How to train the MLP classifier on DFDC? #3

Closed liushenme closed 3 months ago

liushenme commented 1 year ago

Hi,

In your paper, you said that you trained a MLP classifier using the confidences of predicted segments for deepfake classification on DFDC. I wonder if the MLP classifier is trained separately with confidences, or trained as a backend with the whole audio-visual model?

Liu

ControlNet commented 1 year ago

For the classification task, we trained BA-TFD as a temporal localization task, which means we regard the fake video in DFDC as a single fake segmenet label with timestamp [0, video_length]. Then, from the boundary map (size 512, 40) generated by BATFD, we used 2 ways to get binary label.

  1. Thresholding by the maximum value.
  2. Trained another 3-layer MLP to map from the boundary map to binary label.

So it's trained seperately to map the label space.

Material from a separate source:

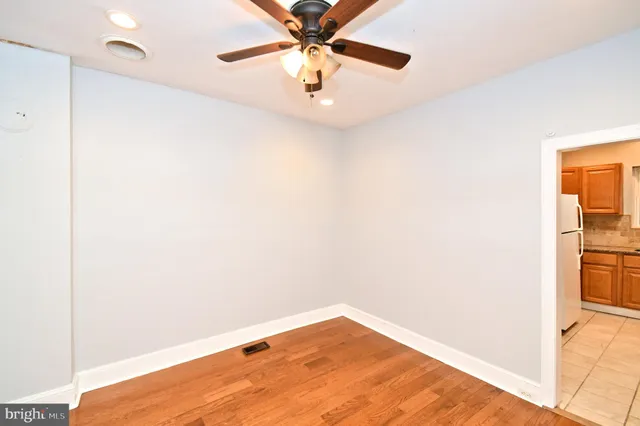 a view of a room with a wooden floor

liushenme commented 1 year ago

I see. Thanks for your reply.

mowen9 commented 8 months ago

For the classification task, we trained BA-TFD as a temporal localization task, which means we regard the fake video in DFDC as a single fake segmenet label with timestamp [0, video_length]. Then, from the boundary map (size 512, 40) generated by BATFD, we used 2 ways to get binary label.

  1. Thresholding by the maximum value.
  2. Trained another 3-layer MLP to map from the boundary map to binary label.

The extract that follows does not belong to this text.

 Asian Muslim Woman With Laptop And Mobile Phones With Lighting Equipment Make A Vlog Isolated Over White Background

So it's trained seperately to map the label space.

I am so sorry and I do not understand the above two operations. The size of the boundary map generated by BATFD is (batch_size, 40, 512). I know that the number of frames is 40 and the temporal dimension is 512.

I understand that I can obtain the binary label (batch_size, 1) via thresholding by the maximum value when the size of the boundary map is (batch_size, 40). However, how can I get the binary label when the size is (batch_size, 40, 512)?

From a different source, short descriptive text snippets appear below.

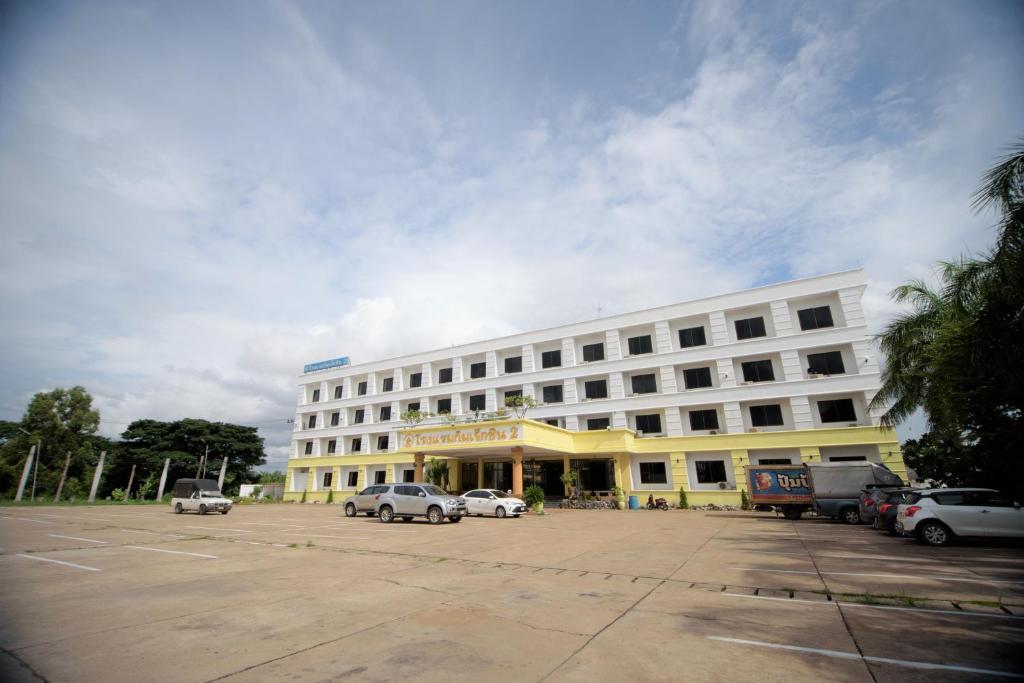 un grand bâtiment blanc avec des voitures garées dans un parking dans l'établissement Kim Jek Cin 2 Hotel - โรงแรมกิมเจ็กซิน2, à Mukdahan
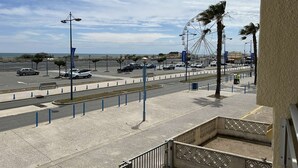 Eine Küstenstraße mit Parkplatz, Fußgängerweg und einem Riesenrad im Hintergrund.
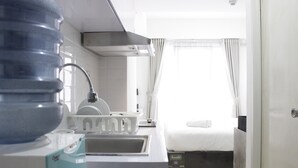 A modern hotel room with a kitchen area, a large water dispenser, and a bed with a white comforter. - Modern Look Studio Apartment at Grand Asia Afrika (Bandung)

Could you help me solve this question? Thanks!

mowen9 commented 8 months ago

I see. Thanks for your reply.

How did you solve this question?

I understand that I can obtain the binary label (batch_size, 1) via thresholding by the maximum value when the size of the boundary map is (batch_size, 40). However, how can I get the binary label when the size is (batch_size, 40, 512)?

ControlNet commented 8 months ago

I understand that I can obtain the binary label (batch_size, 1) via thresholding by the maximum value when the size of the boundary map is (batch_size, 40). However, how can I get the binary label when the size is (batch_size, 40, 512)?

There are 2 ways we achieve for this. One is just simply applying maximum to (40, 512) to get the video-level prediction.

The second way is to use the 3-layer MLP. Firstly, for the train and validation set, inference the (40, 512) boundary maps, then use this boundary maps as the input, use the video label as the output to train a MLP based on this. Then, for the test set, use the MLP to infer the video-level predictions. Actually, you can consider the boundary maps as the "features", then you need to train a classifier head.